While other coworkers may be unintentionally difficult and unaware of how they are coming across. Lately it seems like Riley is always getting things to me at the last possible second. Sometimes I even have to approach Riley multiple times after the deadline to get the necessary information to continue with this project.

Many professionals try to keep external factors, such as problems with a spouse, away from the work environment, but their performance and behavior are still affected. Chances are, there is more to a difficult coworker than you can see on the surface. Aside from someone’s desire to sabotage you or the organization, most of us have positive intentions and want the teams we are on to be successful.

When you’re dealing with a difficult coworker, try to understand what things look like from their perspective. How can you empathize with their situation?
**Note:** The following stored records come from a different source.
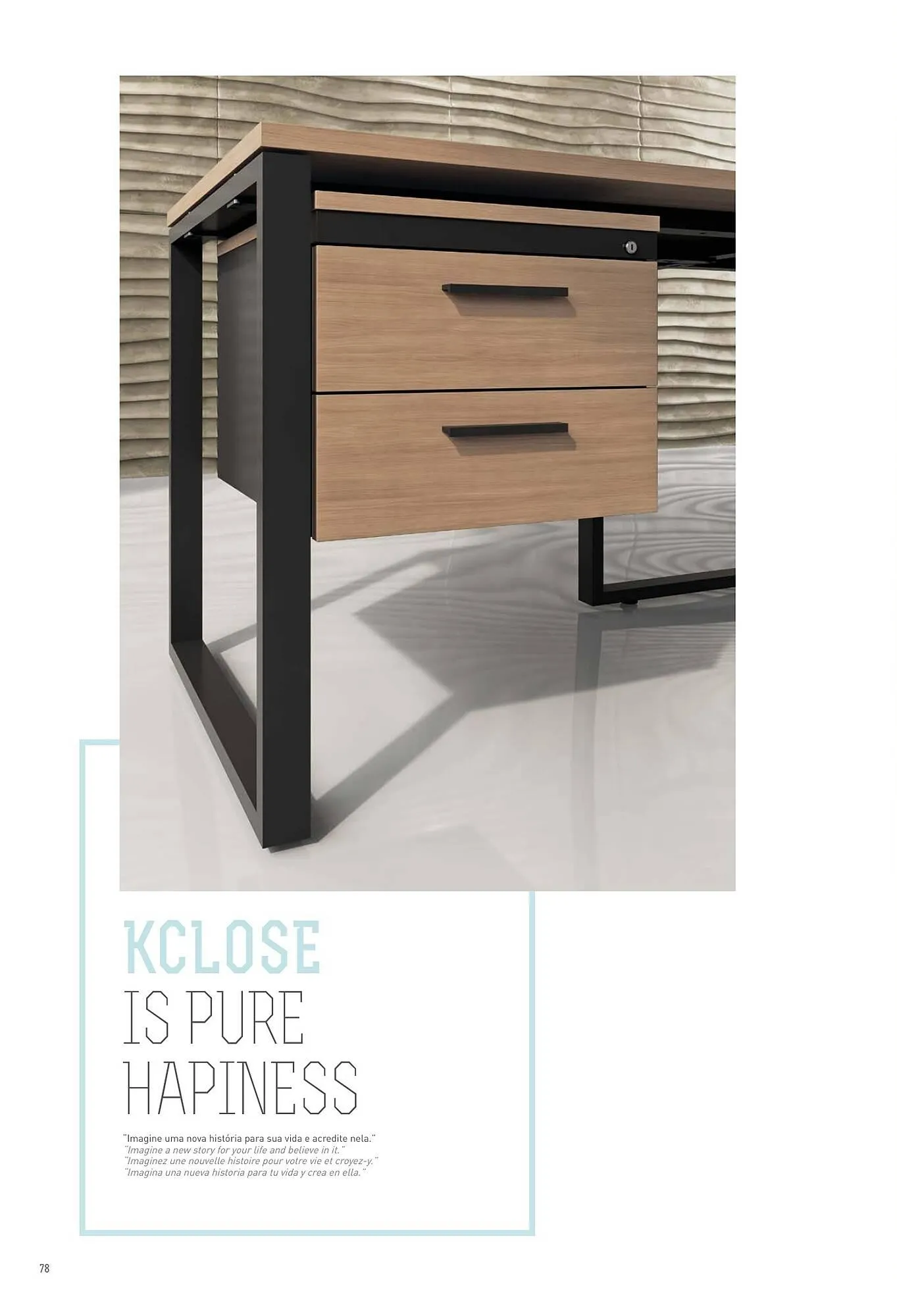 Folheto Folheto Staples de 3 de janeiro até 31 de dezembro 2025 - Pagina 78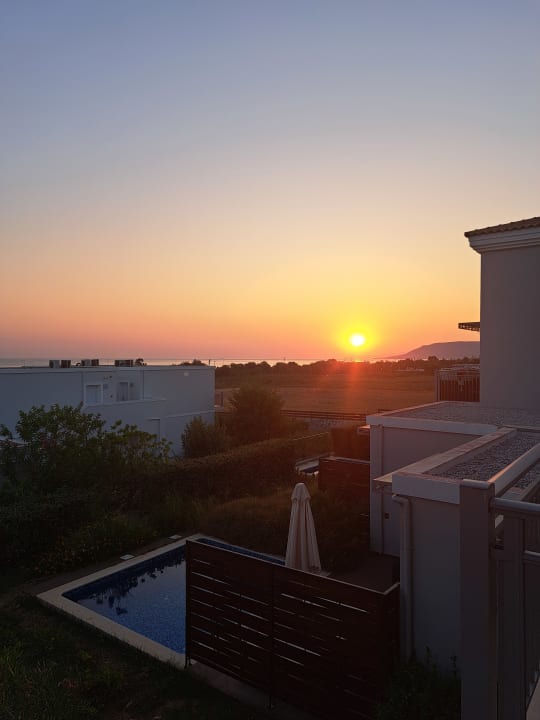 Zimmer Anemos Luxury Grand Resort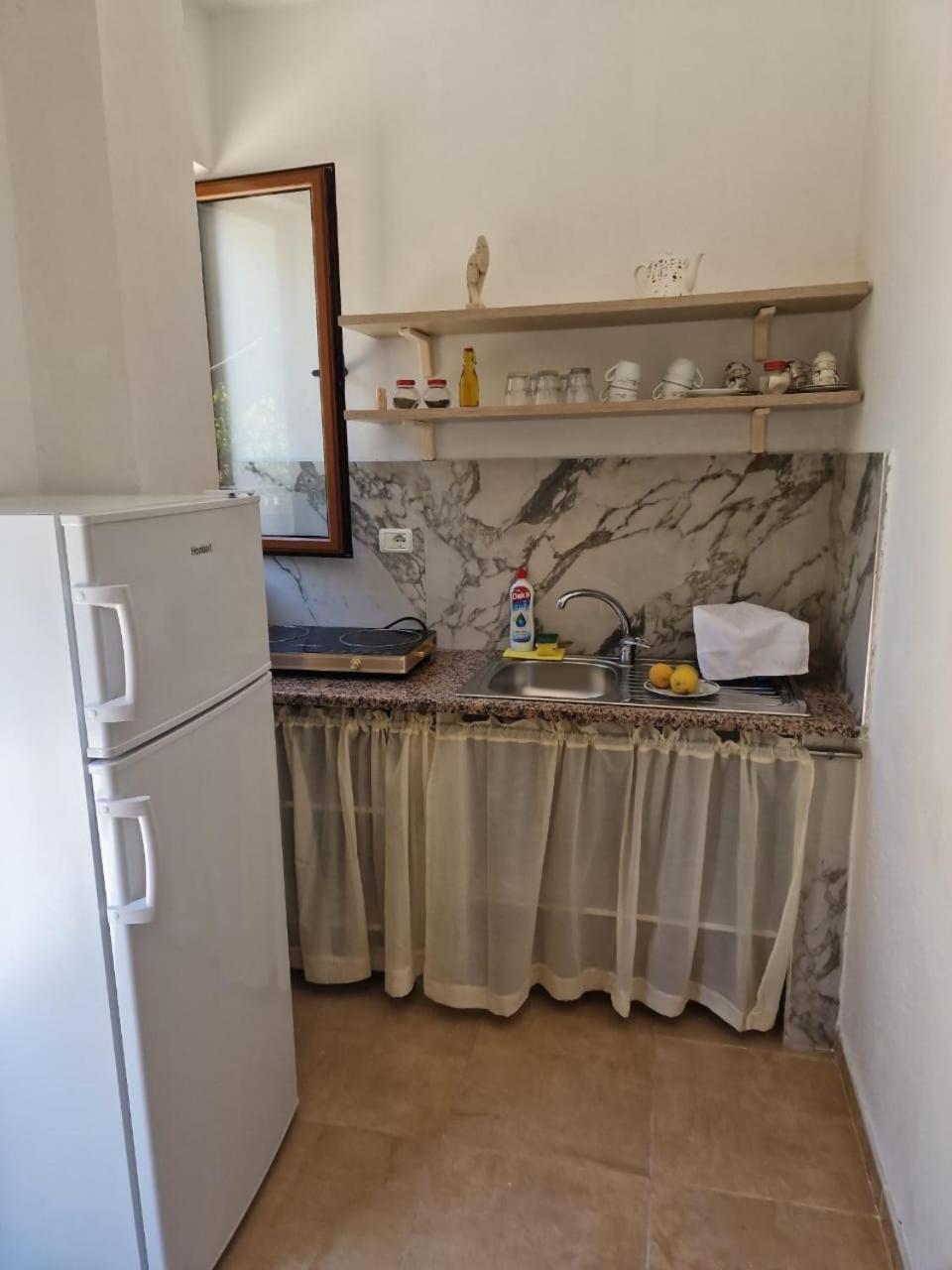 Besart Room Orikum Ngoại thất bức ảnh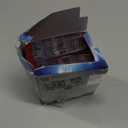 2023-2024 TOPPS NHL Hockey Sticker Collection - 50 Packs Per Box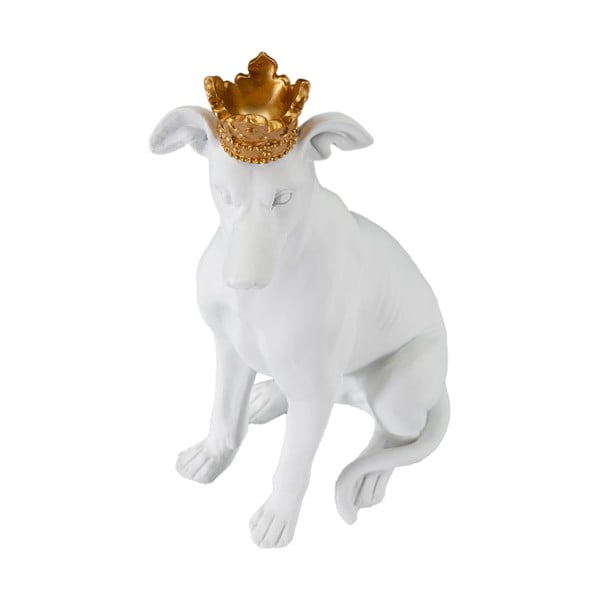 Polüresiinist kujuke 33 cm Dog – Mauro Ferretti-image-3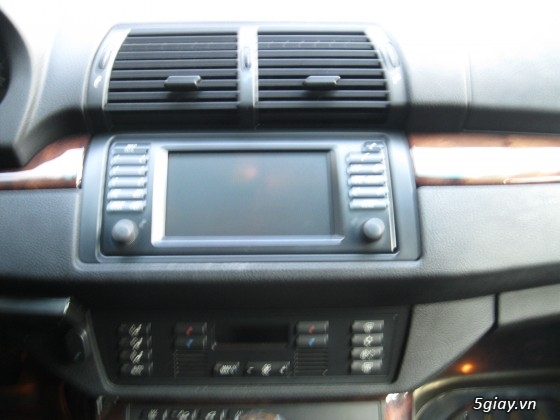 Cần bán xe BMW X5 2005 - 6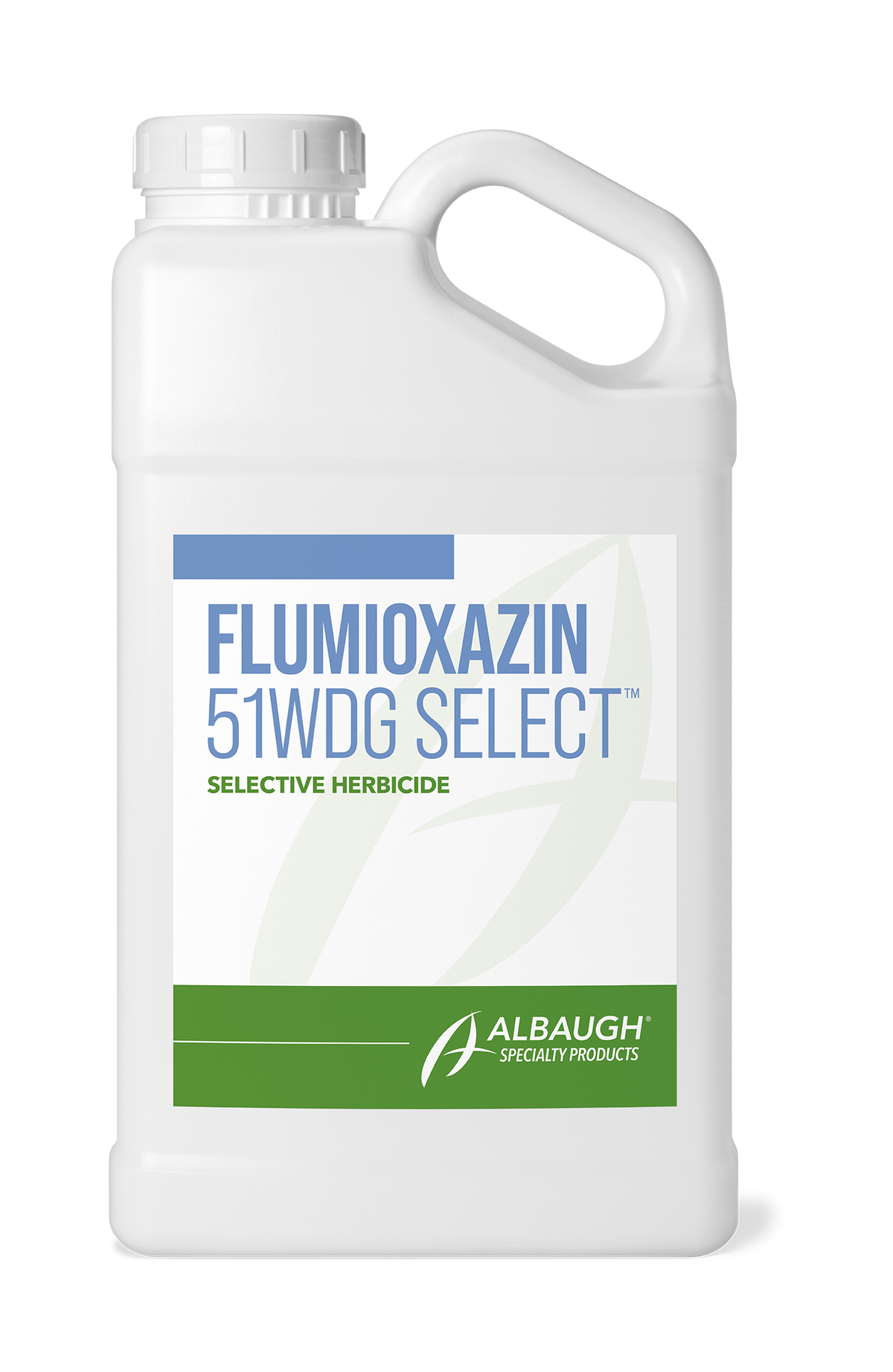 Flumioxazin 51WDG Select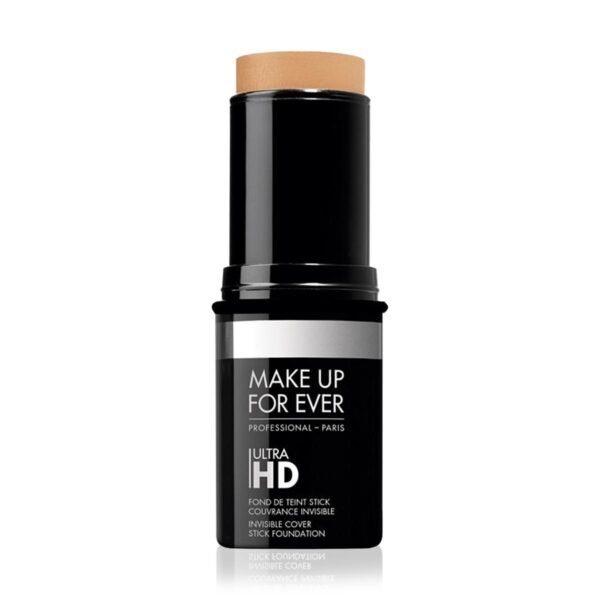 Make Up For Ever ULTRA HD FOUND STICK Y375 - y375 golden sand – authentic in Egypt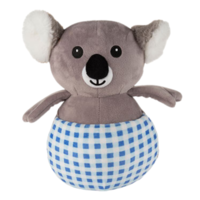  Плюшена нощна лампа Reer Кoko Koala 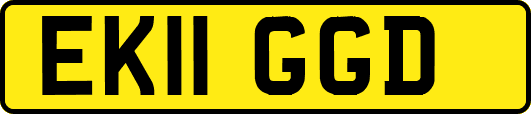 EK11GGD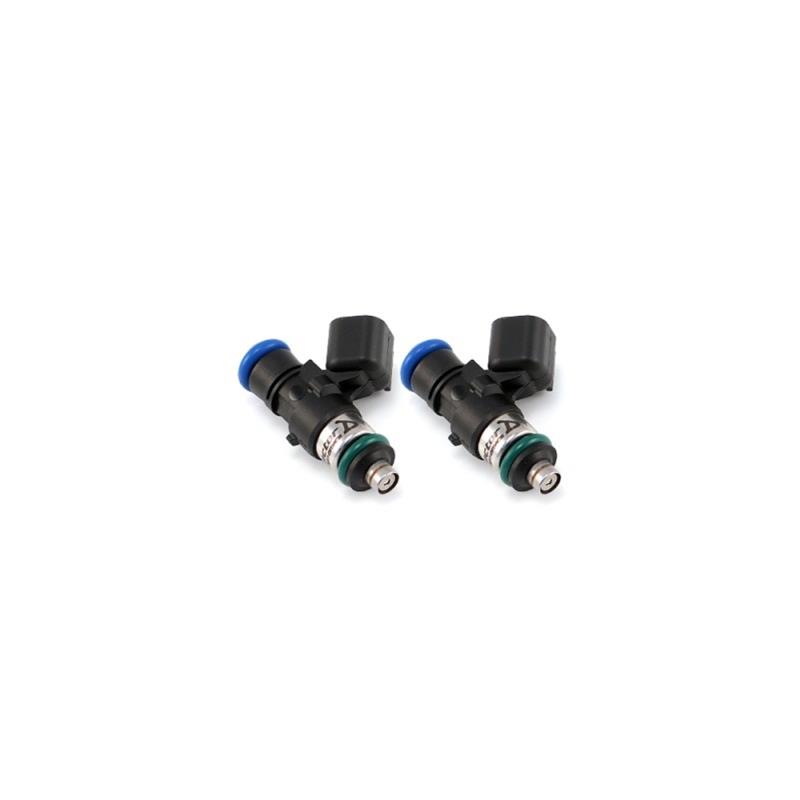 Injector Dynamics Fuel Injectors 2600.34.14.14.2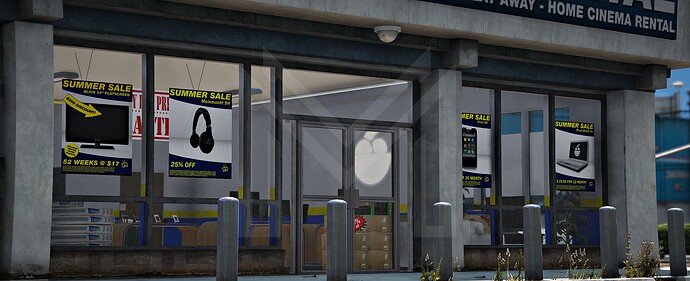 [PAID] (MLO) Totally Rental Eletronic Store thumbnail 3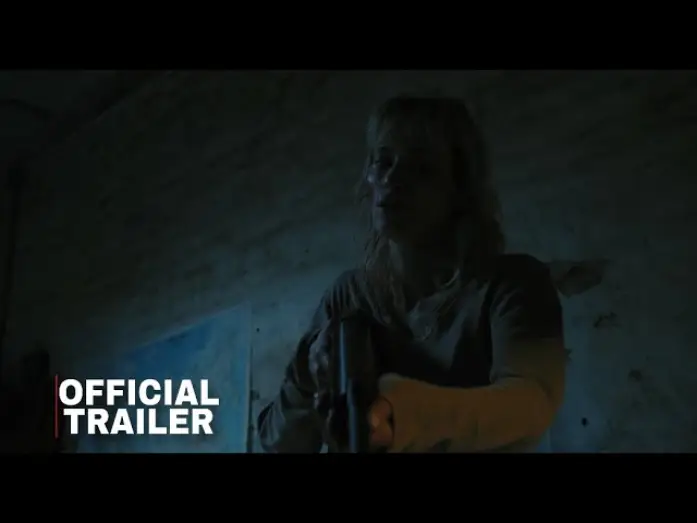 Видео к фильму The Caregiver — The Caregiver (2023) Official Trailer 4K - Clara Kovacic, Virginia Lombardo, Nikola Kent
Ask questions to help understand their point of view and determine why they’re acting in a difficult manner. If the individual is holding up a project or only wants to do things their way, try to explain the purpose of the project and the outcomes you are trying to achieve. Maintain your own self-control and don’t let the difficult person get you off track. Your difficult coworker may even be grateful you took the time to listen to their perspective and helped turn their behavior around.

As leaders, there are times during one to one meetings with team members where we find ourselves letting an employee take us down a negative path. A monthly meeting is intended for people to discuss what’s working well, our progress in relation to goals, and to seek support from leaders regarding obstacles or resources needed. Difficult employees can repeatedly take leaders away from this conversation and into rants about other employees, departments, or issues while avoiding discussing productive solutions. If attempts to guide the focus back to the original intent of the conversation are ignored, consider using the following steps.


Lead by Example

Passively deal with a difficult employee by choosing to lead by example. You can’t expect others to act in ways you aren’t willing to yourself, and a positive role model just may be the push the difficult employee needs to change their behavior. Start role modeling by:

  • Using clear, consistent communication at all times.
  • Follow-up while working on projects.
  • Follow-through to meet your deadlines and commitments.